Connecting the dots in Mumbai
by Salim Mansur
The nature of the terrorist strike on Mumbai implicates Pakistani authorities, despite ritual denials of the present civilian government of President Asif Ali Zardari.
This attack could not have been launched without large scale planning and logistics support, and these could not have been provided without a secure base of operation in the knowledge of Pakistani authorities.
David Pryce-Jones, an astute observer of the Middle East, wrote a long time ago that any Arab-Muslim dictator possessing a "nuclear weapon would be in a position of being able to enforce his ambitions upon any neighbour or rival without equivalent response." Furthermore, nuclear weapons "would place the tyranny of custom once and for all beyond the reach of reform or modernization."
Pakistan is such a country. With history of nasty dictators and a broken culture, while being at odds with the modern world, it has been a spawning ground and haven for Islamists.
But Pakistan also is ideologically an anti-Hindu and anti-Semitic state.
The forceful partitioning of British India by the proponents of Pakistan was driven more by the animus towards the majority Hindu population than any positive vision of what it might eventually be as a Muslim majority state.
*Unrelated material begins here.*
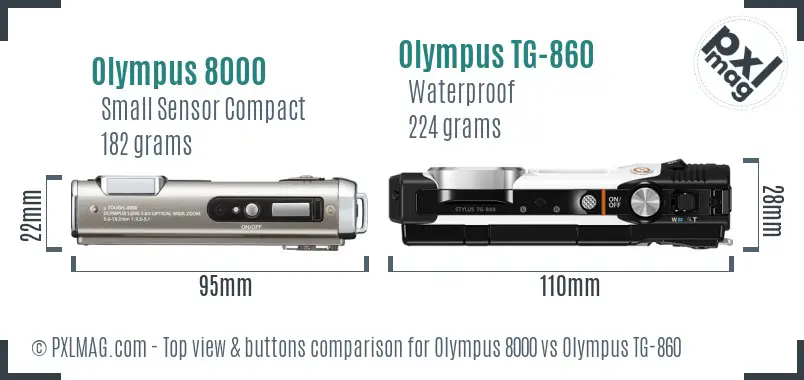 Olympus 8000 vs Olympus TG-860 top view buttons comparison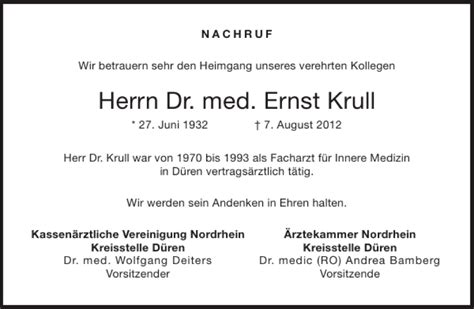 Traueranzeigen Von Dr Med Ernst Krull Aachen Gedenkt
The subsequent history of Pakistan, established as a home for Muslims to be free of the feared Hindu majority rule, soon became one long nightmare of ethnic and sectarian blood letting, civil war and military dictatorships.
Pakistan's failure to be a normally functioning state when contrasted with the relative success of India as a working democracy has been a bitter pill for the ruling elite.
Moreover, the wars launched by Pakistan against India and defeats suffered have been deeply humiliating to a people brought up on the belief of belonging to a superior martial race of warriors.
Since Pakistan declared itself a nuclear weapon state following India's testing of nuclear weapons in 1998, the military has been ready to use the threat of nuclear blackmail as a cover to launch its repeated overt and covert aggression against India.
In 1999 the Kargil fiasco revealed the extent to which the Pakistani military was prepared to push India into a war over Kashmir.
And while that war was averted by the urgent diplomacy of the Clinton administration, the message was clear: Pakistan would not make peace since tensions with India served well the domestic needs of the military elite in a devil's pact with fundamentalist religious parties and Islamist groups linked with the network of al-Qaida.
New Delhi cannot afford to be lacking a military response. India's failure to demonstrate her military resolve undermines her security and economic progress, and makes a mockery of her claim as an emerging global actor deserving permanent membership in the Security Council.
Military option is not a substitute for diplomacy but without it diplomacy is a fig leaf of eventual surrender.
Pakistan is unravelling along its Afghan frontier. India can mount, with NATO members including Canada, greater pressure on this frontier by considering troop deployment in Afghanistan.
India's willingness to militarily support a democratically elected Afghan government will alter the security map in southwest Asia.
It also will make the Pakistani ruling elite ponder hard if it wants to lose a country while funding Islamist terrorists to wage war it cannot win.